FIG. 1 shows a first embodiment of the present invention. In FIG. 1, the whole is denoted by reference numeral P to indicate a centrifugal pump according to the first embodiment, which is configured by rotatably housing an impeller 1 inside a stainless steel casing C. It is driven by a motor indicated by. The rotating shaft 10 of the pump P is connected to the output shaft MO of the motor via the pump-side coupling 12 and the motor-side coupling MF. The rotating shaft 10 is supported by a motor-side bearing 14 and an impeller-side bearing 16 .The motor-side bearing 14 and the impeller-side bearing 16 are connected to a bearing housing 18 (in FIG. Attached to the pump casing C.

Reference numeral 20 denotes a lip of the bearing housing 18 and has a role of supporting a flange that comes into contact with the bearing housing 18 and the casing.

In the bearing housing 18, the inner diameter of the portion where the motor-side bearing 14 is supported is indicated by reference numeral ø1, and the inner diameter of the portion where the impeller-side bearing 16 is supported is indicated by internal diameter ø2. . The inner diameter of the opening at the end of the lip 20 supporting the bearing housing 18 on the side of the impeller 1 is indicated by reference numeral 03.

Here, in the embodiment of FIG. 1, between the inner diameters ø1, Φ2, and Φ3,

0 3〉 0 2〉 0 1

Is established. Therefore, if the coupling 12 is separated and the rotating shaft 10 is pulled out in the direction of the arrow 1 in FIG. 1 together with the motor-side bearing 14 and the impeller-side bearing 16, the bearing can be removed together with the bearing. I can do it. As a result, disassembly work for maintenance, repair, and other tasks becomes easier. At the time of assembling, the rotating shaft 10 (along with the motor-side bearing 14 and the impeller-side bearing 16) may be inserted in the direction opposite to the arrow 1A, so that the assembling work is significantly reduced. is there.

2, 3, and 4 show a second embodiment of the present invention.

In FIG. 2, a rotary shaft 10 of the pump, which is indicated as a whole by reference numeral P, is connected to an output shaft MO of a driving motor, which is indicated by the reference numeral M, through a connection point 10-J. Here, the single unit of the rotary shaft 10 (including the connection point 10-J) of the pump P is shown in Figs.

In FIGS. 3 and 4, the connection point 10 — J of the rotating shaft 10 is a bore 10 — I into which the motor output shaft M 0 (FIG. 2) is to be inserted, and a center line 10 — C Against one side (In Fig. 3, in the center line 10-C, the left side of the center line 10-C), and the notch for tightening the slit 10-S with the fastening screw 24 26 are formed. A keyway 10-K for keying the motor output shaft M0 (FIG. 2) is formed in the bore 10-I of the connection point 10-J.

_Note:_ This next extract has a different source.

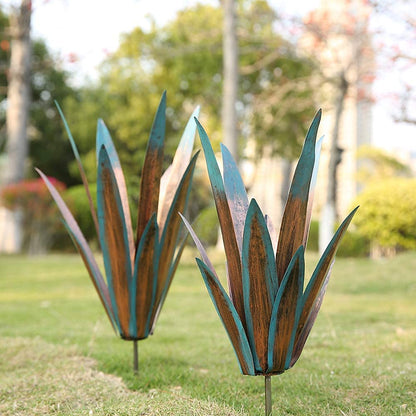 2pcs Tequila Rustic Sculpture DIY Metal Agave Plant Home Decor Rustic Hand Painted Metal Agave Garden Ornaments Outdoor Decor Figurines Home Yard Decorations Stakes Lawn Ornaments…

When connecting the rotating shaft 10 and the motor output shaft M O, the motor output shaft M O is inserted into the inner cavity 10-I and fixed with the key 28. Then, the fastening screws 24 may be tightened.

Here, as shown in Fig. 5, when two slits S1 and S2 are formed at the connection point 10-J, if the fastening by the fastening screws bl and b2 is uneven, However, the same linearity between the motor output shaft MO and the rotary shaft 10 is not maintained, which causes problems such as interference between the rotation transmission system member of the pump P and the casing C. However, it is very difficult to equally fasten the screws b1 and b2 provided at the two locations.

Therefore, in the embodiment of FIG. 2 to FIG. 4, only a single slit 10—S is fastened, so that the interference between the rotation transmission system member of the pump P and the casing C is achieved. It prevents such inconveniences.

6 and 7 show a third embodiment of the present invention.

In FIG. 6, the output shaft of the motor (indicated by the symbol M O in FIGS. 1 and 2) is used as the rotary shaft 10 of the pump, which is entirely represented by the symbol P. In this embodiment, the liner ring 30 provided in the vicinity of the impeller 1 is supported by an inner casing C- 12, and the inner casing C- 12 is a portion indicated by reference numeral (7) in FIG. , Is joined to the casing body C-10.

The location indicated by reference numeral (7) is clearly shown in FIG. Reference numeral 30 in FIG. 7 denotes a portion indicated by reference numeral (7) in FIG. 6, that is, a connection portion between the casing body C-10 and the inner casing C-12.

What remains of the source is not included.